In [None]:
import numpy as np
import scipy.integrate as integrate
import os
import pandas

import random
import scipy.stats

import seaborn as sns
from tqdm import tqdm_notebook as tqdm
import matplotlib. pyplot as plt

import seaborn as sns

import matplotlib as mpl

# Introduction

In the main text (see **SUPLEMENTARY INFORMATION, E**), we show that the distribution of the time $t$ to see one among $N$ CTLs hitting the spheroid is exponentially distributed. Working backwards from there, we can infer the hitting rate $\lambda_{in}$ and the leaving rate  $\lambda_{out}$.

# Global arrival and leaving statistics

## Getting the arrival and leaving probabilities

In [None]:
def get_statistics_single_well(single_well_frame):
    
    '''
    
    Prepare the statistics table for a single well.

    
    '''
        
    single_well_frame['dN'] = single_well_frame['N contact'].shift(-1) - single_well_frame['N contact']
    single_well_frame['dt'] = single_well_frame['time'].shift(-1) - single_well_frame['time']

    return single_well_frame

def running_mean(x, N):
    cumsum = np.cumsum(np.insert(x.values, 0, 0)) 
    return ((cumsum[N:] - cumsum[:-N]) / float(N)).astype(int)

def get_statistics(data_frame):
    
    '''
    
    Prepare the statistics table.

    
    '''
    
    for ID in data_frame['ID'].unique():
        
        loc_frame = data_frame[data_frame['ID'] == ID]
        stat_frame = get_statistics_single_well(loc_frame)
        data_frame.loc[data_frame['ID'] == ID, 'dN'] = stat_frame['dN']
        data_frame.loc[data_frame['ID'] == ID, 'dt'] = stat_frame['dt']
        data_frame.loc[data_frame['ID'] == ID, 'N'] = stat_frame['N'].max()
        data_frame.loc[data_frame['ID'] == ID, 'N gel'] = stat_frame['N'].max() - loc_frame['N contact']
        
    return data_frame[['ID', 'frame', 'time', 'N', 'N contact', 'N gel', 'dN', 'dt']]



In [None]:
def get_probability_arrival(AnalysisFrame):
    
    '''
    
    Calculate the probability of hitting the spheroid as a function
    of the number of CTLs in the gel.
    
    Enter:
     - AnalysisFrame: pandas.Dataframe
     
     Returns:
      - properties: pandas.DataFrame object where each line corresponds
        to a given number of CTLs.

    
    '''
    
    stats_frame = get_statistics(AnalysisFrame)
    stats_frame = stats_frame.dropna()

    stats_frame['ID_time'] = stats_frame['ID'] + ' : ' + stats_frame['frame'].astype(int).astype(str)

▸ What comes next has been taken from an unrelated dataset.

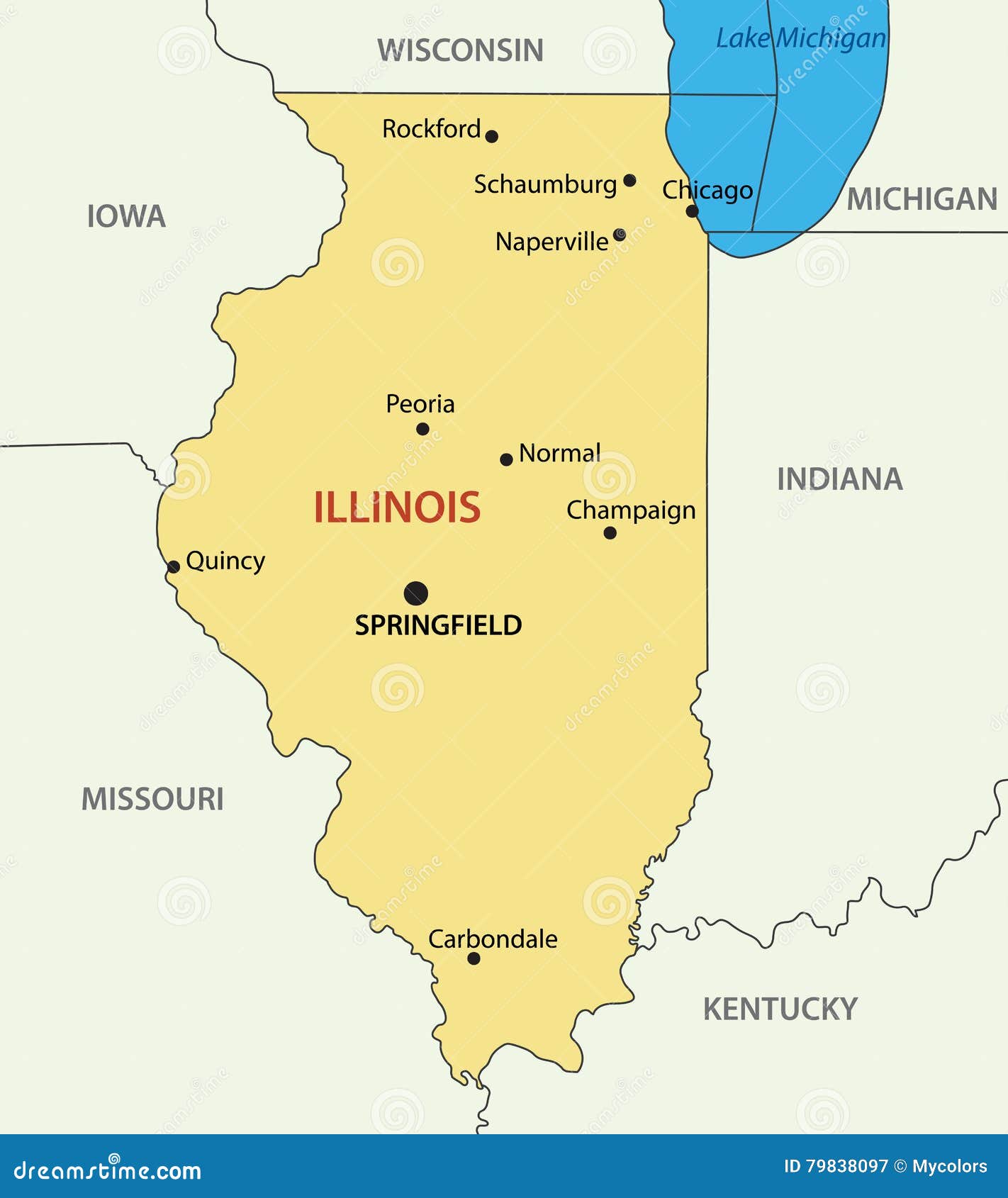 Illinois - Stato Della Mappa Di U.S.A. Illustrazione Vettoriale - Illustrazione di geografico, città: 79838097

    stats_frame_arrival = stats_frame.copy()
    stats_frame_arrival.loc[stats_frame['dN'] < 0, 'dN'] = 0
    
    probs_arrival = stats_frame_arrival.pivot(index = 'ID_time', columns = 'N gel', values = 'dN').mean(axis = 0)
    counts_arrival = stats_frame_arrival.pivot(index = 'ID_time', columns = 'N gel', values = 'dN').count(axis = 0)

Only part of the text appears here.